On Monday, in a lively campus appearance hosted by UC Berkeley’s Greater Good Science Center, de Waal offered compelling evidence that capuchin monkeys — namesakes, though presumably not co-religionists, of an order of Catholic friars — not only recognize inequity, but are quick to challenge it.
Before a packed house at Sibley Auditorium, de Waal played a video of an experiment he’d done with pairs of capuchin monkeys, housed side by side in glass cages. In return for handing a pebble to a researcher, one monkey receives a bland piece of cucumber, which she’s happy to get — until she sees that her partner’s reward for the very same task is a tasty grape.
She gives it another try, but instead of a grape gets cucumber again. This time she hurls the cuke back at the researcher, rattles her cage, pounds the floor in angry protest. It’s a tantrum similar, in fact — as another video showed — to that of a human toddler who sees her older brother get a cookie, only to get half herself.
During de Waal’s experiments, he said, monkeys rewarded equitably rejected the cucumber just 5 percent of the time. If their partners received a grape, however, they refused their lower pay at a rate of 50 percent. And when partners were given a grape “for free,” without even having to pick up a pebble, rejections soared.

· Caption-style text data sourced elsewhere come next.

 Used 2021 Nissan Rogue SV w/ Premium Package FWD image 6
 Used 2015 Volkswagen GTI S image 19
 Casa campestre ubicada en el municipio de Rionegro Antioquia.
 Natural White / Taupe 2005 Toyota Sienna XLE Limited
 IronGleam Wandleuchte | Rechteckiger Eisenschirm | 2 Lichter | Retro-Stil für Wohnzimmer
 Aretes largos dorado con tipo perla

Such behavior, said the Dutch-born de Waal, now at Emory University, is further evidence that humans are not the only species to boast a moral code, and that morality is separate from God and religion. Instead, it’s related to what he calls the “prosocial tendencies” of primates and other animals, a self-awareness — and awareness of others — that gives rise to emotional responses like reconciliation, empathy and consolation.

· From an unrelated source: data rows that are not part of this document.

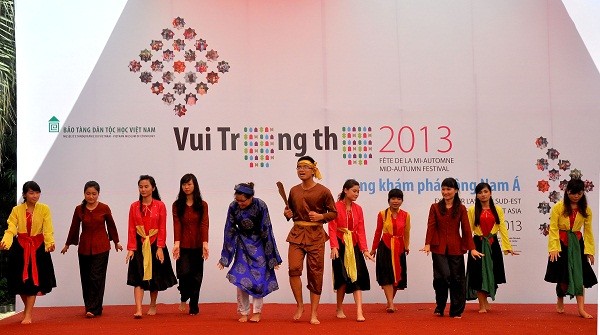 Bergembira dengan Festival Medio Musim Rontok,  sambil  menguak tabir Asia Tenggara - ảnh 1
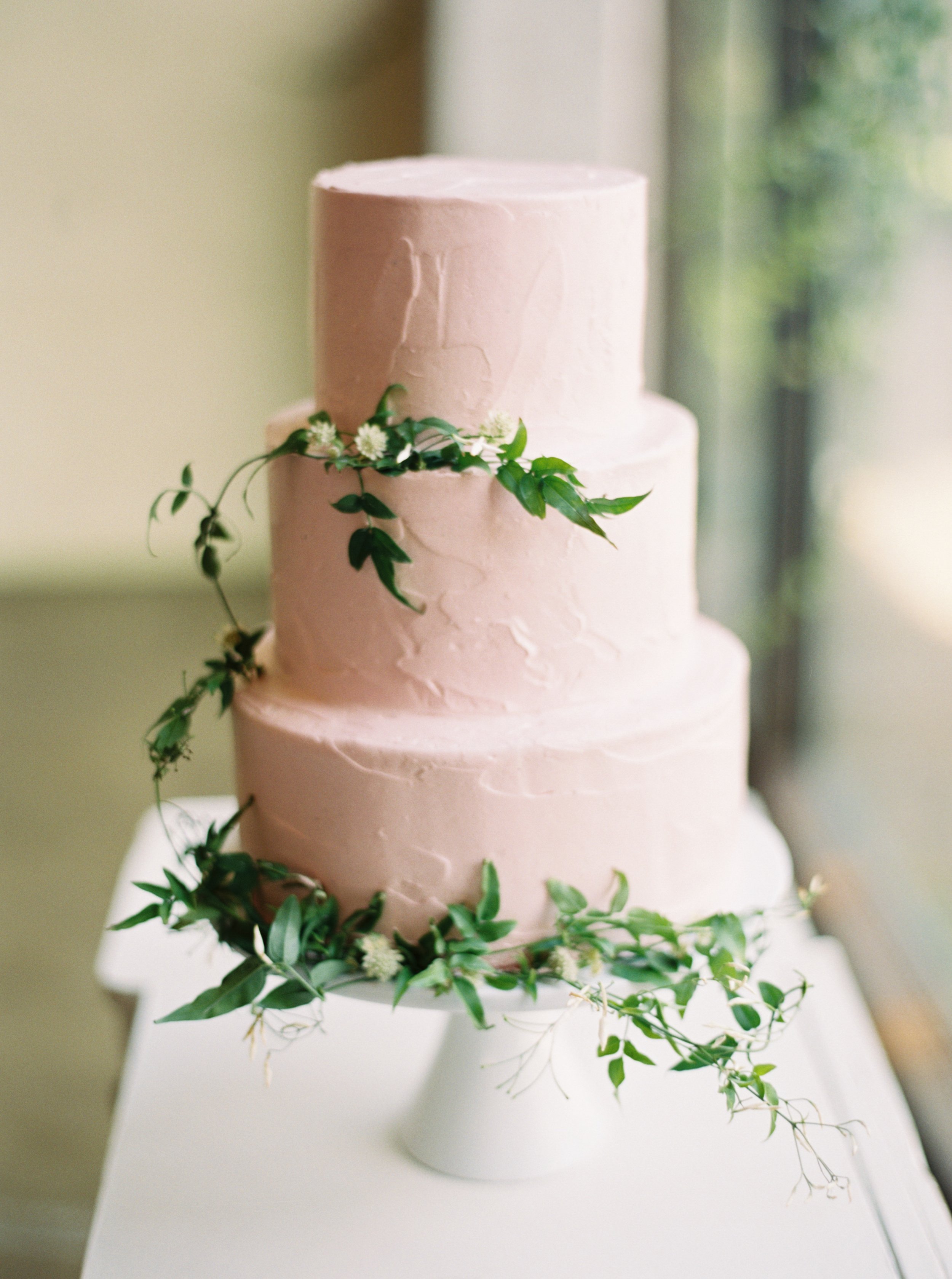 Stunning Outdoor Austin Wedding - Lindsey Brunk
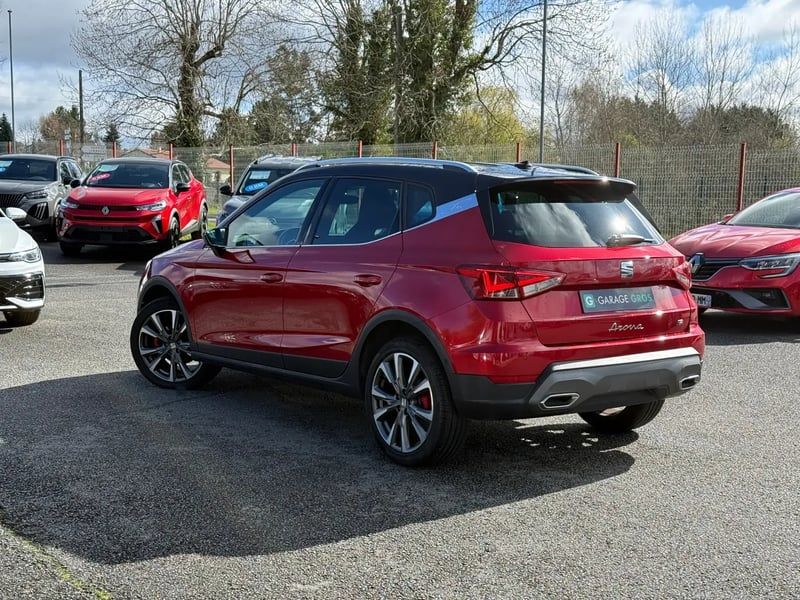 Photo de la voiture SEAT ARONA 1.0 TSI 110 ch Start/Stop BVM6 FR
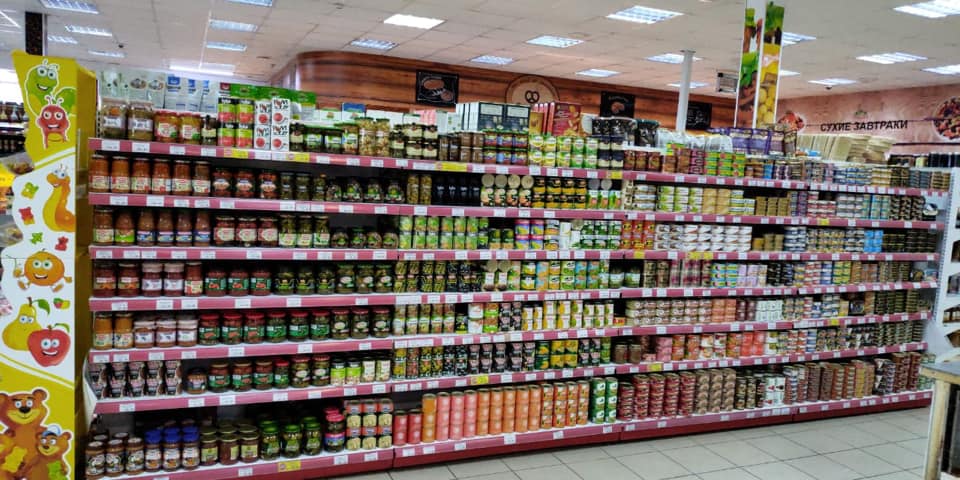 Елена Учайкина: в региональной сети «Караван» имеется достаточный запас продуктов и промтоваров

“I’ve seen chimps kill each other,” said de Waal, “so I’m very fully aware of their competitive side.” After studying aggression in chimps as a student in the Netherlands, though, “It struck me that after fights they would come together, they kissed and embraced each other, and that was actually more interesting than the aggression itself.”
And chimps aren’t the only nonhuman animals with a bent for reconciliation. “There’s only one mammal that has been tested where it has not been found, and that’s a mammal many of you have at home,” de Waal said. “It’s a domestic cat.
“I’m a big cat lover,” he added, “and I’m still waiting for the magical moment.”